Hands in his pockets, DuLac rocked back on his heels. “Bien. You’re more woman than I thought. Let’s go.”
Her mouth dropped open with surprise.
He opened the office door. The bright hall light flooded DuLac’s small, dim office. “You coming? Finish what you started? Huan might need a second opinion.”
Marie grinned. “Don’t think you’ve got the upper hand. I won the argument.”
“Argument? What argument? I see a Voodoo Queen, a woman who’s coming into her own. Besides, I knew you’d come here.”
“Sure you did.”
“You’ve got your own bloodlust.” DuLac turned, seeing Marie’s stricken gaze. He shut the door, his back against it. “That came out wrong. You’re nothing like the creature.”
She dipped her head. But, guiltily, she felt there was some truth in DuLac’s word: “bloodlust.” She loved stemming its flow, mastering it. In surgery, blood was predictable; in the ER, on any given night, blood flowed everywhere—from any and all orifices, from all types of wounds.
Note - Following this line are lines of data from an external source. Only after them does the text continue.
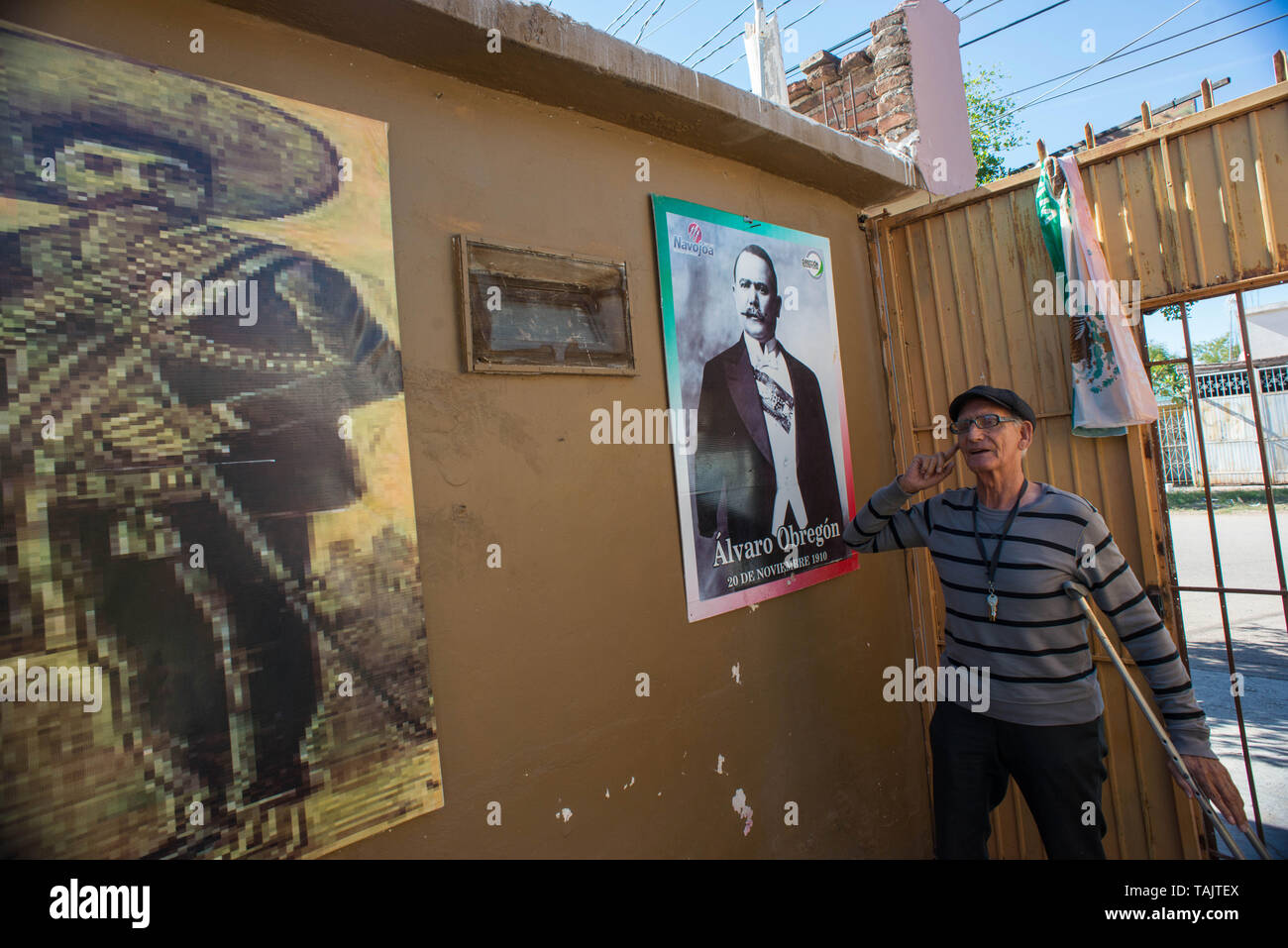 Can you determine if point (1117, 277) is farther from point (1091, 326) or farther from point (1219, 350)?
point (1219, 350)

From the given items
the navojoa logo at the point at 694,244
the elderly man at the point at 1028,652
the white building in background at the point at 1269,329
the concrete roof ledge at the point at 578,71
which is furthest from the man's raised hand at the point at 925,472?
the white building in background at the point at 1269,329

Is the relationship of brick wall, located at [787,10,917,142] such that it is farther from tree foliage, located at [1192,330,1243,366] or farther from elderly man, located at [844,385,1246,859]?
tree foliage, located at [1192,330,1243,366]

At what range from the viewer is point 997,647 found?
268 cm

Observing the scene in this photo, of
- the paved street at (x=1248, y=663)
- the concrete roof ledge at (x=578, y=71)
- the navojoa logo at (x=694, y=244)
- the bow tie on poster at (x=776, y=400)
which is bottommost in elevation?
the paved street at (x=1248, y=663)

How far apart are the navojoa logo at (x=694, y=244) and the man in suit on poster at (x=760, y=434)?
0.22 m

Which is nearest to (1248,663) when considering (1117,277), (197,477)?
(1117,277)

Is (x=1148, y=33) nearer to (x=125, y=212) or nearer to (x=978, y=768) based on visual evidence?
(x=978, y=768)

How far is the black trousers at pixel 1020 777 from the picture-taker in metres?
2.53

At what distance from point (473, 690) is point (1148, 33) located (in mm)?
11585

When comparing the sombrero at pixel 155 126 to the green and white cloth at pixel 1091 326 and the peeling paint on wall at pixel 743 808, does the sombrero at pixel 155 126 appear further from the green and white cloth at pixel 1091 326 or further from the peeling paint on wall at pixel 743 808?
the green and white cloth at pixel 1091 326

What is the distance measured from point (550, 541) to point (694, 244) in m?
1.50

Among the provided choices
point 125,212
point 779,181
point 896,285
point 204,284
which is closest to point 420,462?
point 204,284

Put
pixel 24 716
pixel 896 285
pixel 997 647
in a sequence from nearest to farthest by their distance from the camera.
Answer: pixel 24 716 → pixel 997 647 → pixel 896 285
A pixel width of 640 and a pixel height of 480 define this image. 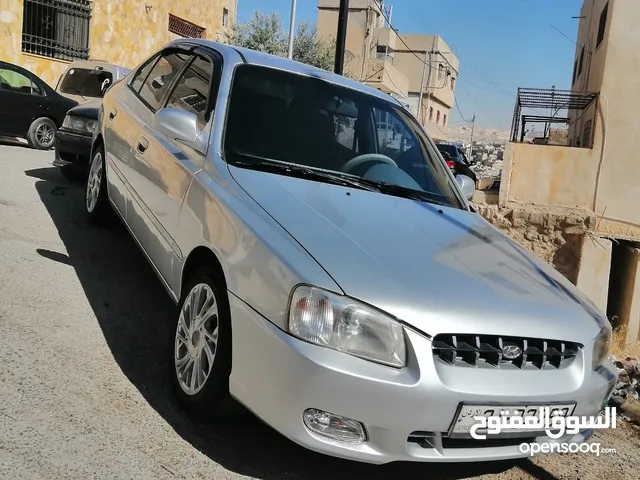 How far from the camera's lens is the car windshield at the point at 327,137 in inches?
141

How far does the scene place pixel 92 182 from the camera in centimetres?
577

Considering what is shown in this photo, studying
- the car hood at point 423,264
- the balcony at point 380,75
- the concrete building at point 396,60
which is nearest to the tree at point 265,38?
the concrete building at point 396,60

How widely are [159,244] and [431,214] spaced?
1531 mm

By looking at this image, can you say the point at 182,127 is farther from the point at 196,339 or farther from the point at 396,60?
the point at 396,60

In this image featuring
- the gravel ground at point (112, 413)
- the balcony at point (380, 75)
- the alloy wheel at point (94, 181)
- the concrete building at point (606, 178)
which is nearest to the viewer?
the gravel ground at point (112, 413)

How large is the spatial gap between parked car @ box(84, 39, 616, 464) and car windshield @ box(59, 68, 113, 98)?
8282 mm

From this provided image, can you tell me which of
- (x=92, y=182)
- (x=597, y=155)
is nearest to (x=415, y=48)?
(x=597, y=155)

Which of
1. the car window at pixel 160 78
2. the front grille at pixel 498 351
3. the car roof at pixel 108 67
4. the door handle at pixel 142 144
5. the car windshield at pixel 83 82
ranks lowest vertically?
the front grille at pixel 498 351

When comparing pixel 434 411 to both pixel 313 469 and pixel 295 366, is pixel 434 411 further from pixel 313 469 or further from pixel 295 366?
pixel 313 469

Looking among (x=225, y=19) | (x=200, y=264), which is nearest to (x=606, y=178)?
(x=200, y=264)

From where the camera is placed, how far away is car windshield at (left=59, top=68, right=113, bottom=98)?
1163cm

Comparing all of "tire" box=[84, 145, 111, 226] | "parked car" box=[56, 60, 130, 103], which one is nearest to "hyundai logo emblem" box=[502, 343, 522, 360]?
"tire" box=[84, 145, 111, 226]

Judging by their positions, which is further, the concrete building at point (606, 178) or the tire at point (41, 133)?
the concrete building at point (606, 178)

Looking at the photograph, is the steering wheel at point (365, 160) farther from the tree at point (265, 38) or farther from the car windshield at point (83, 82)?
the tree at point (265, 38) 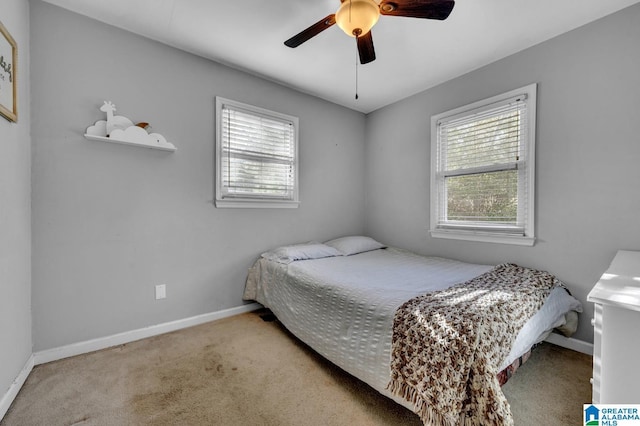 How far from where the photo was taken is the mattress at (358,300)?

DuLac stepped forward, clasping Marie’s face with his palms. “I’m not jealous of you. I used to wallow in self-pity, wanting the gift of prophecy. Sight. No one else in Orleans seemed ready to carry it. Or those who did were pretenders. Corrupt. All I want to do is serve you.”
“You mean teach me?”
“After the first year, you outpaced my knowledge. Even as a doctor, your skills are beyond mine.”
“No.”
“Yes. Let me be proud of you.”
Marie felt mournful, sensing their relationship was about to change irrevocably. She didn’t want DuLac thinking she was better than he was.
DuLac kissed her brow. “It’s the way of fathers and daughters. Children outpacing their parents. Daughters scratching their rough edges on their fathers. No wonder I’m turning gray.”
She embraced him, holding tight. Blinking back tears.
“Sass. Too much sass.”
She felt giddy, happy. DuLac was still her family. That hadn’t changed.
“Get to work. Proper clothes, please.”
“Sure, boss.” Marie flung open the door. “I’ve got a lab coat in my locker.”
EI had been watching for her. Brow furrowed, mouth tight.